[Recorded data]
--- START ---

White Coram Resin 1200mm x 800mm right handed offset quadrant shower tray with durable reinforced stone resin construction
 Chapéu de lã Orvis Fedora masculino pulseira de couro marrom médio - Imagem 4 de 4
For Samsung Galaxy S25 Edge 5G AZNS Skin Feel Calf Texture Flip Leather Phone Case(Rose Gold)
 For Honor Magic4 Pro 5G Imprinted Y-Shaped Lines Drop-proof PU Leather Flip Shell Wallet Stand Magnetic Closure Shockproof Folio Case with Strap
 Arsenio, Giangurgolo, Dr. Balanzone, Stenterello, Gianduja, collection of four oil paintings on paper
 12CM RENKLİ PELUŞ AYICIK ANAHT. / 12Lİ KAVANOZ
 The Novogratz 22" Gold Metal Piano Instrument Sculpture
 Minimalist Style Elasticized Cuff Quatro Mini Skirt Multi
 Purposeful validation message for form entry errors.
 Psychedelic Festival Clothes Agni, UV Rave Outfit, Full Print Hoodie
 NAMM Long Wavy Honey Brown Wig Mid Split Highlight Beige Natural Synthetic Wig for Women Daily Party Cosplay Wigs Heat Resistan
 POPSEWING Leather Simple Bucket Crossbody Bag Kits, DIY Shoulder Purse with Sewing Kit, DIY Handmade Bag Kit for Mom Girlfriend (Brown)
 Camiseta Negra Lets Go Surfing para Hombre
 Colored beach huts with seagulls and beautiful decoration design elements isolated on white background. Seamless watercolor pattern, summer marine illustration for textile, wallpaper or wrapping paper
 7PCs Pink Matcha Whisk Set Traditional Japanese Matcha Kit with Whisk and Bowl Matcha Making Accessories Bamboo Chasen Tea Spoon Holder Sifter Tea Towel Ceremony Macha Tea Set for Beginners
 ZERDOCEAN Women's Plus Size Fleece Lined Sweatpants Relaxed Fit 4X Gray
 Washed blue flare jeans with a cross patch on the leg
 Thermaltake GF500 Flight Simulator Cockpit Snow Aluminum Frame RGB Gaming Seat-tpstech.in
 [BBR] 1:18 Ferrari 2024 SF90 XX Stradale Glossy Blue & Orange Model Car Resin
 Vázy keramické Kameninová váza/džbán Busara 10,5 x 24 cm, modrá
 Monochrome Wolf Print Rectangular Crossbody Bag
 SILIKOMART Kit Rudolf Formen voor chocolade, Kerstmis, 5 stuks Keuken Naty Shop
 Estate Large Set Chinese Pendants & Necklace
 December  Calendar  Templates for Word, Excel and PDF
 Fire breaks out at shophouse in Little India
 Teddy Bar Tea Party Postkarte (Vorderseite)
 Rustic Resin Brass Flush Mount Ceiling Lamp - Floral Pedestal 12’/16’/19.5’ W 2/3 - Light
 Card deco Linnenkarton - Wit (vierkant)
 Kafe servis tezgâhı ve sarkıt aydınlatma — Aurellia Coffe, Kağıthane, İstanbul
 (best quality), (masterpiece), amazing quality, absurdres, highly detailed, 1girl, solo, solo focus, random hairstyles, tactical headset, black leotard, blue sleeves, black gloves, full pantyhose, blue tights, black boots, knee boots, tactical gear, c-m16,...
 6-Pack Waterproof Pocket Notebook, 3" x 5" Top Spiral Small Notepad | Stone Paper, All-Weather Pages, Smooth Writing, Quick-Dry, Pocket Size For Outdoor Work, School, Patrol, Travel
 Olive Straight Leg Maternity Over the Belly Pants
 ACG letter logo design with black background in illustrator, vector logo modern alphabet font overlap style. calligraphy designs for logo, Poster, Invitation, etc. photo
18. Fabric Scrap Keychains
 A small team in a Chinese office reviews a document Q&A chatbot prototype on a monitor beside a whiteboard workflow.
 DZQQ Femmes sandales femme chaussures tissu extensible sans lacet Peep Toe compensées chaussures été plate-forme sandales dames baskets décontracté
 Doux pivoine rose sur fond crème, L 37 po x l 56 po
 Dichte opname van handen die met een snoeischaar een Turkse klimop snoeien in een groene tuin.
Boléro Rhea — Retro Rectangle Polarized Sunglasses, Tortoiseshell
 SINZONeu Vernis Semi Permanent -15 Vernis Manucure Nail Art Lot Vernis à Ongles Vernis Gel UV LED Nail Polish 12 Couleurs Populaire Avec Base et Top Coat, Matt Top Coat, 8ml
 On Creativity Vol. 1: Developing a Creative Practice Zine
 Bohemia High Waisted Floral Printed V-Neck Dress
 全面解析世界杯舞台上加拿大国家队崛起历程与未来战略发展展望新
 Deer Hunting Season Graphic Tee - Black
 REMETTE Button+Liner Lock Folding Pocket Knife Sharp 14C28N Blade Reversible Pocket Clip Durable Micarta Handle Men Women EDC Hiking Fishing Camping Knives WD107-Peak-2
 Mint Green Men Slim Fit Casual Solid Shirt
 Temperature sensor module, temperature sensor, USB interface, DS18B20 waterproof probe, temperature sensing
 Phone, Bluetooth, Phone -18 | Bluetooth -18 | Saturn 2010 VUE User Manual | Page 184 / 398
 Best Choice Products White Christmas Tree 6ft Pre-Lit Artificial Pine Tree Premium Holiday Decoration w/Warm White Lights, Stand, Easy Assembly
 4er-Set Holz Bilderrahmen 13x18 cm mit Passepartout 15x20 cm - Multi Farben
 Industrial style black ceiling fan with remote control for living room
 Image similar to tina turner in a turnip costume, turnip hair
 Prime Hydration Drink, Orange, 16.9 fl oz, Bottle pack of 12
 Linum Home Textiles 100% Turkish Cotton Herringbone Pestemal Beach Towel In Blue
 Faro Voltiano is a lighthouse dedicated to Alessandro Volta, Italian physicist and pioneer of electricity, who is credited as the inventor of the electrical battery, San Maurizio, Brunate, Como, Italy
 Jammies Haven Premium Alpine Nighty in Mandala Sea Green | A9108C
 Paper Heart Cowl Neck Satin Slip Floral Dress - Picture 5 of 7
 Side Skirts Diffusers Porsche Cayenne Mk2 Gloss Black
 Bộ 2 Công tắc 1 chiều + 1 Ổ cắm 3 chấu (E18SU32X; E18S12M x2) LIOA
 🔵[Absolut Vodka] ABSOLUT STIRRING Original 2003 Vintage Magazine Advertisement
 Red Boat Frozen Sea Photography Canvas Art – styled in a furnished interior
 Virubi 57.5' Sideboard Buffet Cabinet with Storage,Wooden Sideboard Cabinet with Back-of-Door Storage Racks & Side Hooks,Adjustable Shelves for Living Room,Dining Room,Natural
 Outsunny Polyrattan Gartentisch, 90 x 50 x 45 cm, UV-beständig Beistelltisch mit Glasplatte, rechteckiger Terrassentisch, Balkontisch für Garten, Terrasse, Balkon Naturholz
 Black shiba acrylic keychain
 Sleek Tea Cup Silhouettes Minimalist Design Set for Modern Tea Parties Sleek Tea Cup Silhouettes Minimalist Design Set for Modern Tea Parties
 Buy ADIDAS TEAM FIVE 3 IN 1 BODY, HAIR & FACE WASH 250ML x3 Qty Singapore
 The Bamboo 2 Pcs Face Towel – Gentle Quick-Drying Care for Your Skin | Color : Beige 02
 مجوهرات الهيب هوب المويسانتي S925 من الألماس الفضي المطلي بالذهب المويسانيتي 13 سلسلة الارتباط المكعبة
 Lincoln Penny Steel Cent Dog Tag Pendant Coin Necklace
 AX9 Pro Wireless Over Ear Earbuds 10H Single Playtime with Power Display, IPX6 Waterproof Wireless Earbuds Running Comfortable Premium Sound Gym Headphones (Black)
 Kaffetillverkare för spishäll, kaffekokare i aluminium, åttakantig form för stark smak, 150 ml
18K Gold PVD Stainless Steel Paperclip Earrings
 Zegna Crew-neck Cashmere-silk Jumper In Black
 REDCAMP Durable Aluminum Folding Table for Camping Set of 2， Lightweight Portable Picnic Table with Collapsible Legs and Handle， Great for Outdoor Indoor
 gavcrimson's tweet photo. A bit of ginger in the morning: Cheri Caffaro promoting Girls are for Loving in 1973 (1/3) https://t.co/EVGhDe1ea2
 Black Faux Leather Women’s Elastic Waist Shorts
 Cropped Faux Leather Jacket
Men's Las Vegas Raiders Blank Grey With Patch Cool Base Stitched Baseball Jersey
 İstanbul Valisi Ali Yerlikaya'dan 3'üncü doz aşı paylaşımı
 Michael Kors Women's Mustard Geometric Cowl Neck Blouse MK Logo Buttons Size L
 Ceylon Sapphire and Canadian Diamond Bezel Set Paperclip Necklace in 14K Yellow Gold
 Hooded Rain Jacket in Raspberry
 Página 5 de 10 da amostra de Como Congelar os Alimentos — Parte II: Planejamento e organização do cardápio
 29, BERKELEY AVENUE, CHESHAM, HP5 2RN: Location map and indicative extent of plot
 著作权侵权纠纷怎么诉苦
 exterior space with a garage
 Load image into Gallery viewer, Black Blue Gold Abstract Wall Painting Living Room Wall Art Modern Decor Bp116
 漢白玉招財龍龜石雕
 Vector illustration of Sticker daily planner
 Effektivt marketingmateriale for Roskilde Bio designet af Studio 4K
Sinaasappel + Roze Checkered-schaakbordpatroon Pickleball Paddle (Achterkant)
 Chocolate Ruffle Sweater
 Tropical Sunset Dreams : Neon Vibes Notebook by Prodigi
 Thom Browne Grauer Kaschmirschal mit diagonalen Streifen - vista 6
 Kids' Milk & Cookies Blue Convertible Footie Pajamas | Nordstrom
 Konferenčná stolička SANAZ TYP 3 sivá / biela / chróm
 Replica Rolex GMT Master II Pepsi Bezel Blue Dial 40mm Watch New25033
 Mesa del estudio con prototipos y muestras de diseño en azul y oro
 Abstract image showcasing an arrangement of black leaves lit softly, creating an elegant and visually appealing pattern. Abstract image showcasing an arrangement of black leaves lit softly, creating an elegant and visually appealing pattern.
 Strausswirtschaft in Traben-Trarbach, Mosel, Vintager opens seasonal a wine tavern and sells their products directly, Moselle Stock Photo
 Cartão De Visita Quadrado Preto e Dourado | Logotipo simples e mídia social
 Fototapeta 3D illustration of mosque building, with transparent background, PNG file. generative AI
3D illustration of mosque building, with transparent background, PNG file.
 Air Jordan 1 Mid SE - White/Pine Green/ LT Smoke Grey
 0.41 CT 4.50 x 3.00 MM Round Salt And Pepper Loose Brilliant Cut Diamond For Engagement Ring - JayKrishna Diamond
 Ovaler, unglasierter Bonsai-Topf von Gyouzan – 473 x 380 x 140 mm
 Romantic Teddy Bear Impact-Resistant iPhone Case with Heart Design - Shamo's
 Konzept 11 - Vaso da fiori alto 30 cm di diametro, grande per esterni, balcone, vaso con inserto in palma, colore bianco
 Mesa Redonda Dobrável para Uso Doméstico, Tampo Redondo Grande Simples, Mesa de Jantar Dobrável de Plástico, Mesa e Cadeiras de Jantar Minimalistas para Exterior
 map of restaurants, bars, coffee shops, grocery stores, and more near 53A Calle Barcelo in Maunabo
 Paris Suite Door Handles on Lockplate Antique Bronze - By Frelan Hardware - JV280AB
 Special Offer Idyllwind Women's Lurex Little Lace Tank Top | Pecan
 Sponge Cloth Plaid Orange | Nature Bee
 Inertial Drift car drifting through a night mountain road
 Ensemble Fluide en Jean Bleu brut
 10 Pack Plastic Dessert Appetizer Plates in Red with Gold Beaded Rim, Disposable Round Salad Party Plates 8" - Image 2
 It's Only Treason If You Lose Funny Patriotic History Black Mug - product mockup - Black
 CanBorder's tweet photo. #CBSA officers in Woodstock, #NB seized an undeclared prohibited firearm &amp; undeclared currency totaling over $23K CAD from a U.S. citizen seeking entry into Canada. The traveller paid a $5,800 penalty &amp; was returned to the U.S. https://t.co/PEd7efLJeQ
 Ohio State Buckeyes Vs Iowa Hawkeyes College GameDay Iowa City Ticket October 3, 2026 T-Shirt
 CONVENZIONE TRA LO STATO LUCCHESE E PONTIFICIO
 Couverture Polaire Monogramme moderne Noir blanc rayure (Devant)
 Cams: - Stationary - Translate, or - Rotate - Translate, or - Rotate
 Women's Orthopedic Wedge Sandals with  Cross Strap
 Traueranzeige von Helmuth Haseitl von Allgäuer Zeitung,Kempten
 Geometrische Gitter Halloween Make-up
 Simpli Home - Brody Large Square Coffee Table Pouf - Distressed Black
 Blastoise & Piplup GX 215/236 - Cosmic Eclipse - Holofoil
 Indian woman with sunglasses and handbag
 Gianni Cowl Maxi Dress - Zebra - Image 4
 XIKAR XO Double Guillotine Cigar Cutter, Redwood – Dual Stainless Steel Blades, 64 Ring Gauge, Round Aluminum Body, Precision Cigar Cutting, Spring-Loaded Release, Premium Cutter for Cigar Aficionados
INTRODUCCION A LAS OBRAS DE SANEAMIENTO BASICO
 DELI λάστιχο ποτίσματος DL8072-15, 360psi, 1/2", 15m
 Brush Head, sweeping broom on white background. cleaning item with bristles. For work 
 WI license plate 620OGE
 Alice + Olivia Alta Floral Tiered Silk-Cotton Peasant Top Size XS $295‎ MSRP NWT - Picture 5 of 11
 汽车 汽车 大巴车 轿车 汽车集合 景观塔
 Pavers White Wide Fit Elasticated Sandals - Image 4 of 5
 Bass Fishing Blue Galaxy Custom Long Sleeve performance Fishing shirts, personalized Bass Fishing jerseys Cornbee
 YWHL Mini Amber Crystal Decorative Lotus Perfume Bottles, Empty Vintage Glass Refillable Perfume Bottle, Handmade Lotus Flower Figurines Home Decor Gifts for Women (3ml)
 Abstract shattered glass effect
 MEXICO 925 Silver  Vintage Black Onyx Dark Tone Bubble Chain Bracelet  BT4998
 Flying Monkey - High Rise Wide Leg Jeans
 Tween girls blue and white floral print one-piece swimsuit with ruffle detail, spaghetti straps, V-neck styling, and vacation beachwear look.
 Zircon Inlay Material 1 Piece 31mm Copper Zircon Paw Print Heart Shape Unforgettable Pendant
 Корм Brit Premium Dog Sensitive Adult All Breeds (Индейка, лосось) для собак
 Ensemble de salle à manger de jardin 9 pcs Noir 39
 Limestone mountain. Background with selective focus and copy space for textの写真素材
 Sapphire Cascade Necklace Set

--- END ---

● **ASSIGNED TASK**
Starting with the first line above and ending with the line that holds "12CM RENKLİ PELUŞ", restate each line word for word and add nothing else.

● **RESULT OF THIS EXERCISE**
White Coram Resin 1200mm x 800mm right handed offset quadrant shower tray with durable reinforced stone resin construction
 Chapéu de lã Orvis Fedora masculino pulseira de couro marrom médio - Imagem 4 de 4
For Samsung Galaxy S25 Edge 5G AZNS Skin Feel Calf Texture Flip Leather Phone Case(Rose Gold)
 For Honor Magic4 Pro 5G Imprinted Y-Shaped Lines Drop-proof PU Leather Flip Shell Wallet Stand Magnetic Closure Shockproof Folio Case with Strap
 Arsenio, Giangurgolo, Dr. Balanzone, Stenterello, Gianduja, collection of four oil paintings on paper
 12CM RENKLİ PELUŞ AYICIK ANAHT. / 12Lİ KAVANOZ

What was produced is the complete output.